This guest blog responding to HEPI’s new report on BTECs as a route to higher education has been kindly provided by Rod Bristow, President, Core Markets for Pearson.

A recent editorial in the Guardian noted that ‘England’s beleaguered vocational education system has been subjected to wave after wave of reform. Yet improving the quality of technical education has eluded governments of all colours.’

This sad observation provides an all-too-enduring backdrop for the discussion inspired by Scott Kelly’s impressive analysis of the purpose and potential of the BTEC qualification in enriching and diversifying our higher education student intake. The report rightly challenges everyone – government, universities and (by implication) Pearson as the owner of BTEC – to think through the development of BTEC in the context of the changing landscape envisaged by the Government’s Skills Plan, inspired by the summer 2016 report by Lord Sainsbury.

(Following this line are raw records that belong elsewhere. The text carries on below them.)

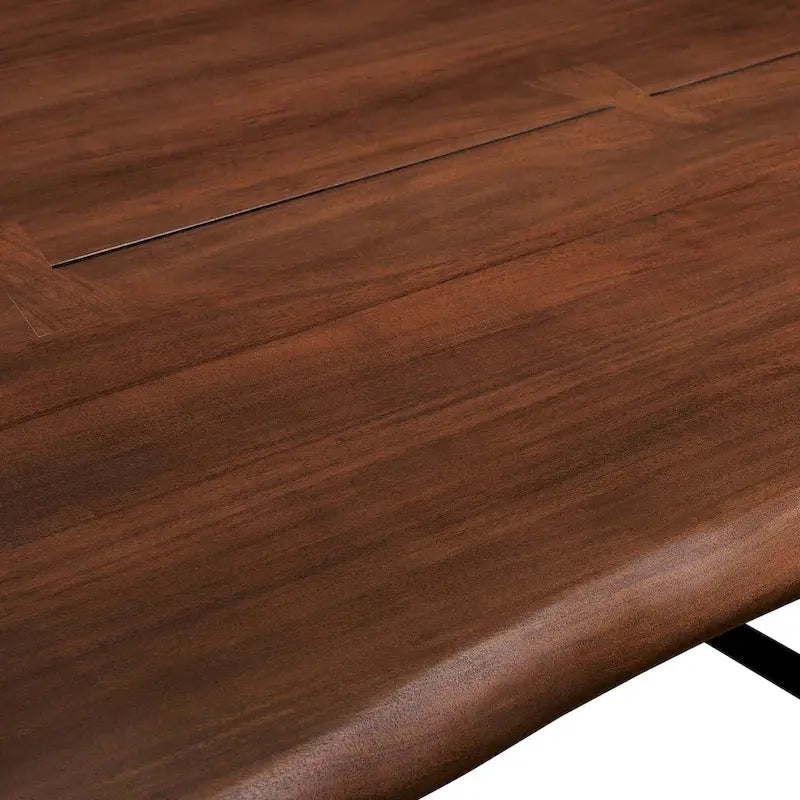 74 Inch Live Edge Acacia Wood Dining Table - Seats 8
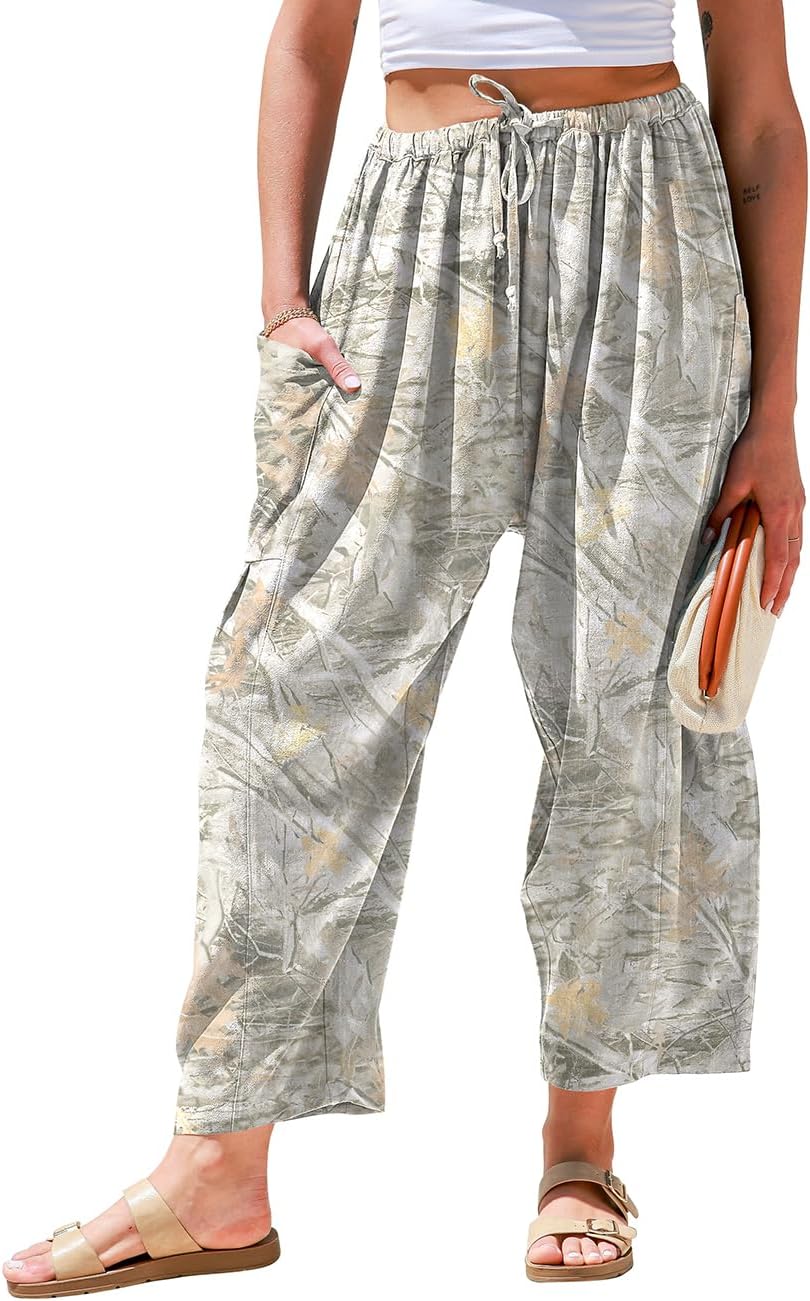 Linen Wide Leg Pants for Women - Casual Summer Palazzo Style
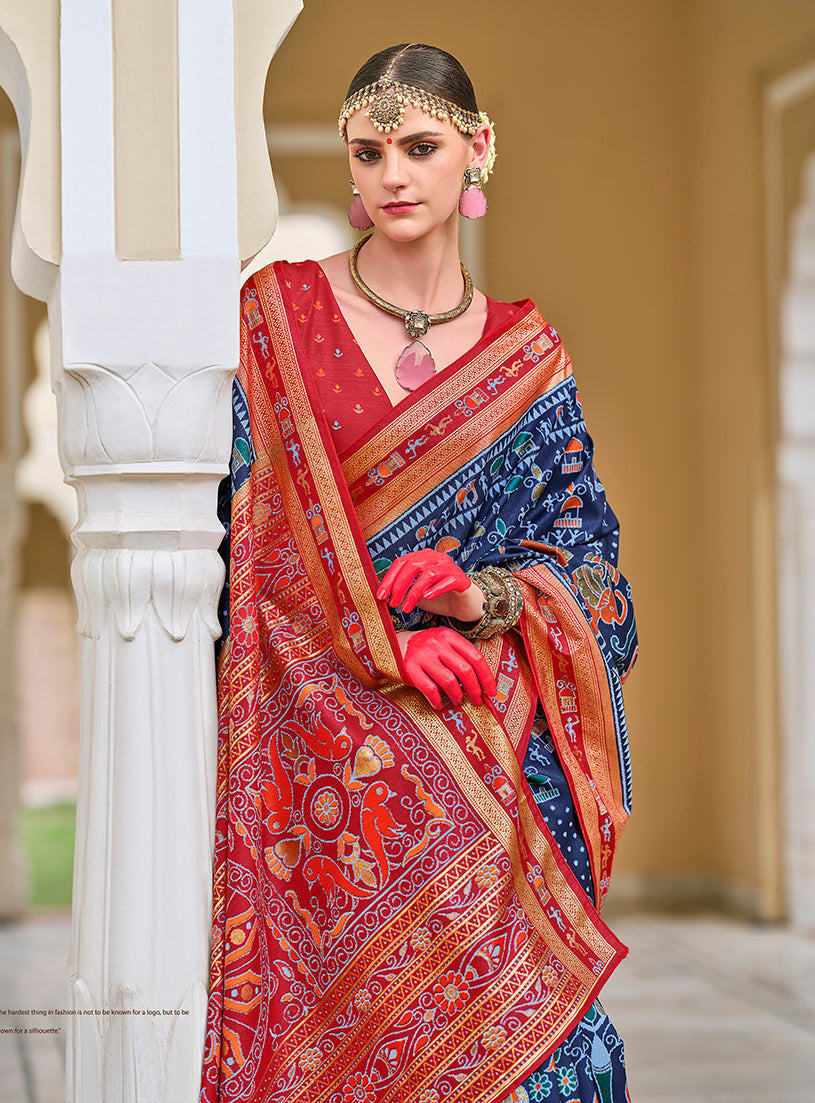 Navy Blue Silk Foil Print Saree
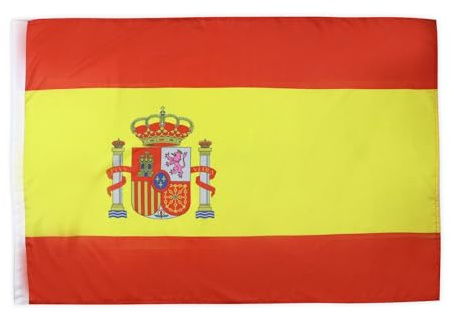 AZ FLAG Bandera de ESPAÑA 90x60cm para un Palo - Bandera ESPAÑOLA 60 x 90 cm Poliester Ligero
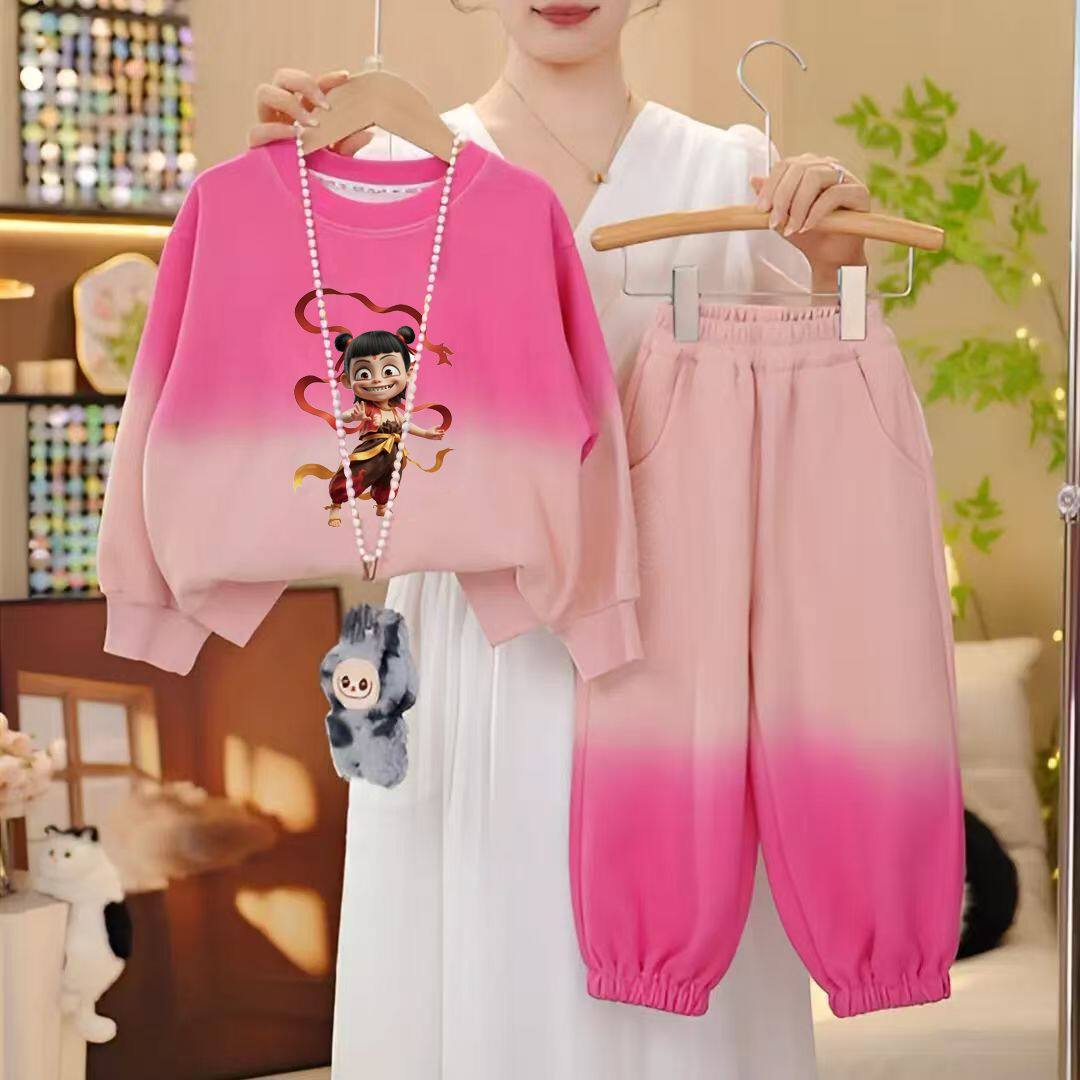 女童卫衣春秋套装卡通哪吒渐变装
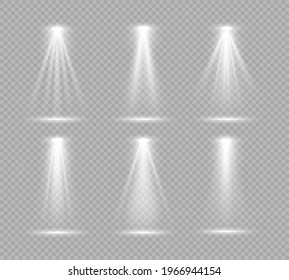 The spotlight shines on the stage. Glowing light effects isolated on a transparent background. Lighted scene. Bright white lighting with spotlights, projector light effects, scene. Vector illustration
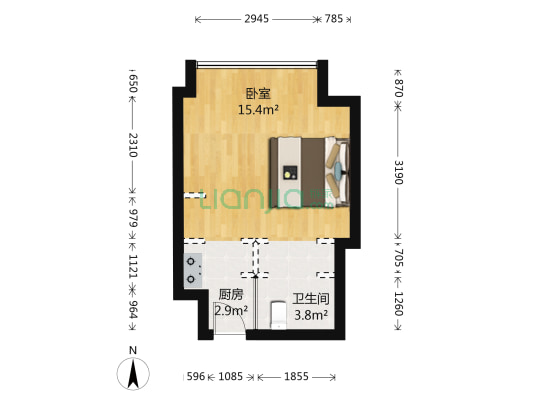 东一时区 1室0厅1卫 35平方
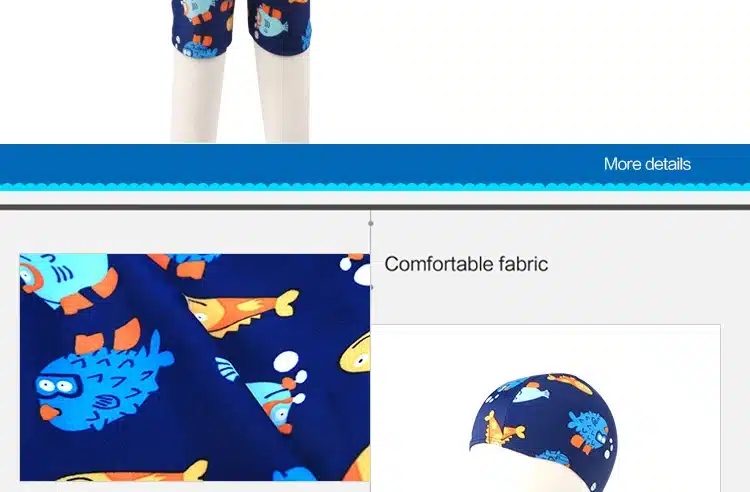 Kids Boy Two Pieces Swim Suit Cartoon Fish Sunblock Beach Bodysuit With Cap Boys Swimwear 2-13Y Children Swimsuit surfing Wear 12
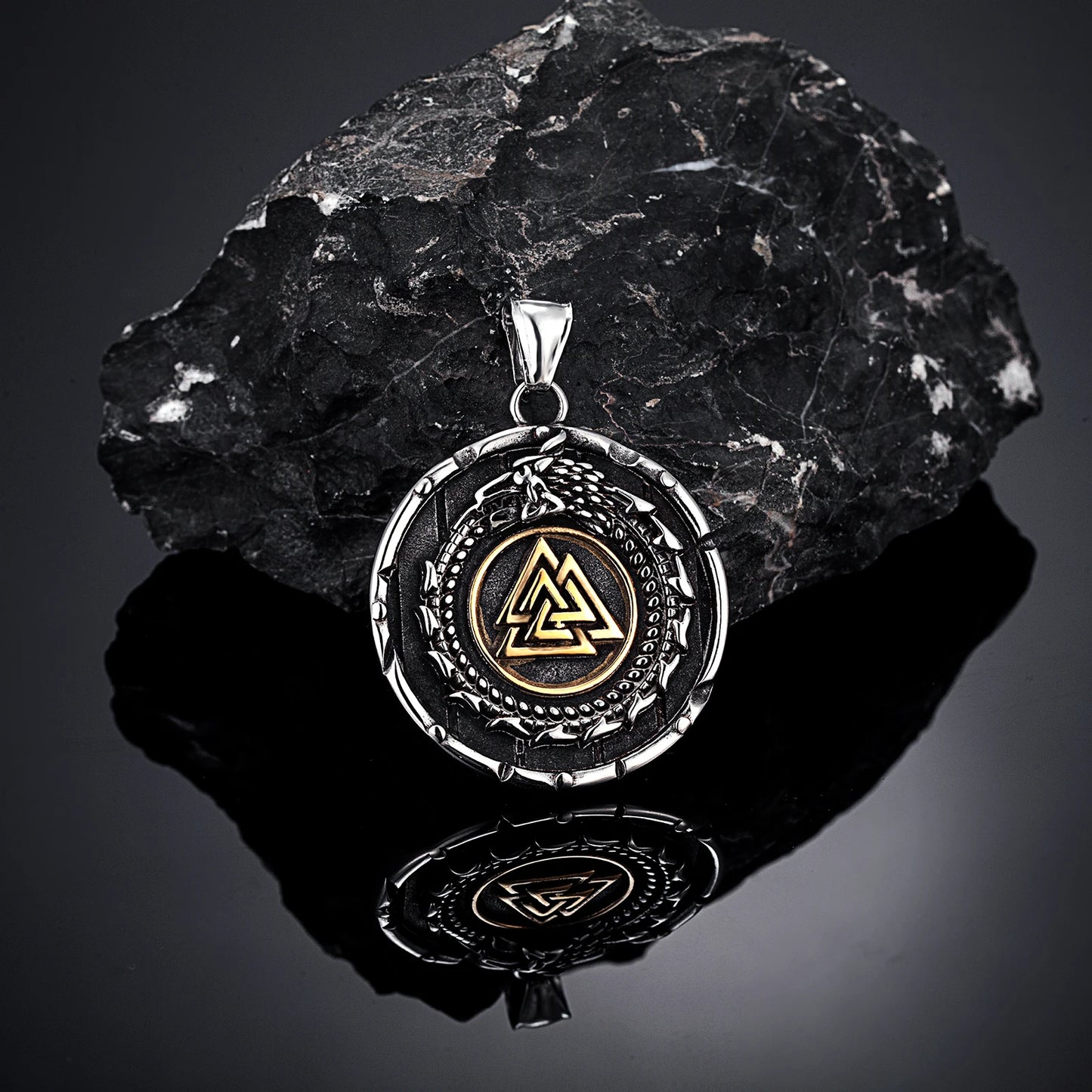 Vikings Ouroboros Dragon Necklace Men Stainless Steel Norse Runes Triangle Pendant Amulet Scandinavian Jewelry Vintage Male Gift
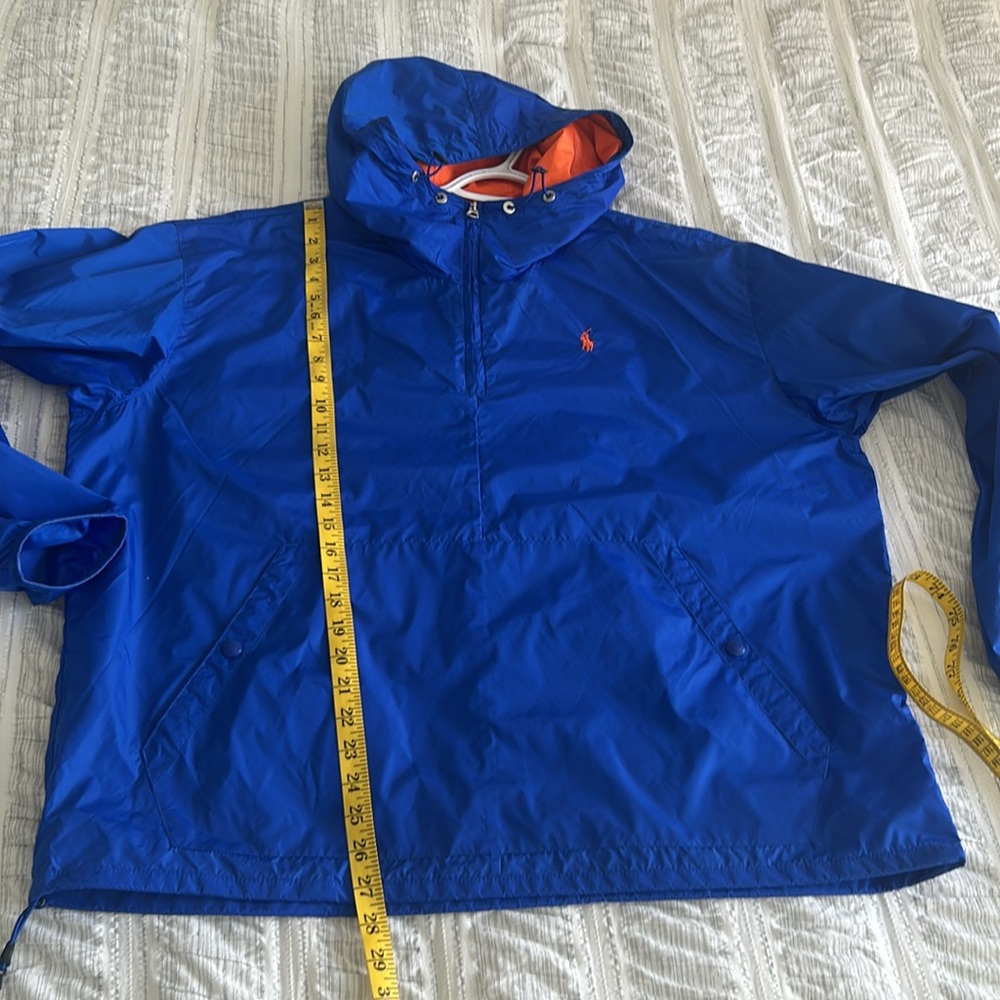 Mens Polo Ralph Lauren Quarter Zip Windbreaker Blue Orange - Picture 8 of 9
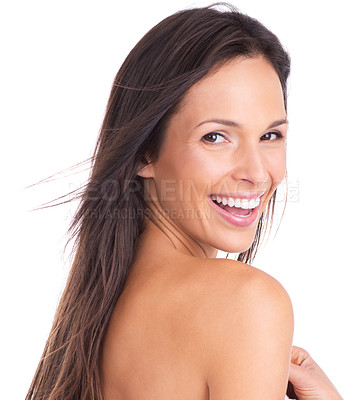Buy stock photo Portrait, beauty and smile with woman laughing in studio isolated on white background for wellness. Face, skincare or makeup and happy, funny or positive young person looking satisfied in dermatology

This challenge is one I accept with relish on behalf of Pearson. The report touches on an under-appreciated fact, which is that this year we are witnessing some profound changes in BTEC qualifications. Perhaps the changes to BTEC are a little drowned out by the big changes in GCSE and A-Levels from this summer but from this year, for the first time, BTEC students will undertake assessments that are marked externally as a significant part of their qualification. Previously the regulatory framework demanded regular, ongoing, internal assessment as the method for evaluating student performance. This is a significant change, and one we have embraced – developing and devising the new assessments alongside our employer and higher education partners. It has long been asserted that BTEC students perform some tasks well in higher education, and others less so. Performance in exams is one attribute it is sometimes said that BTEC students lack, and this change will address this. It is a change that has been very warmly welcomed by the higher education sector.

The report is also right to reflect that, in reforming BTEC, we need to strike a delicate balance. The last thing we would want for BTEC is to turn them into a rehash of the soon-to-be discontinued Applied A-Level. We are far more ambitious than that. BTEC students are valued for what they can do, not just by an unhelpful comparison with students who took A-Levels – not least when one considers that the fastest growing route into university sees students combining A-Levels and BTECs.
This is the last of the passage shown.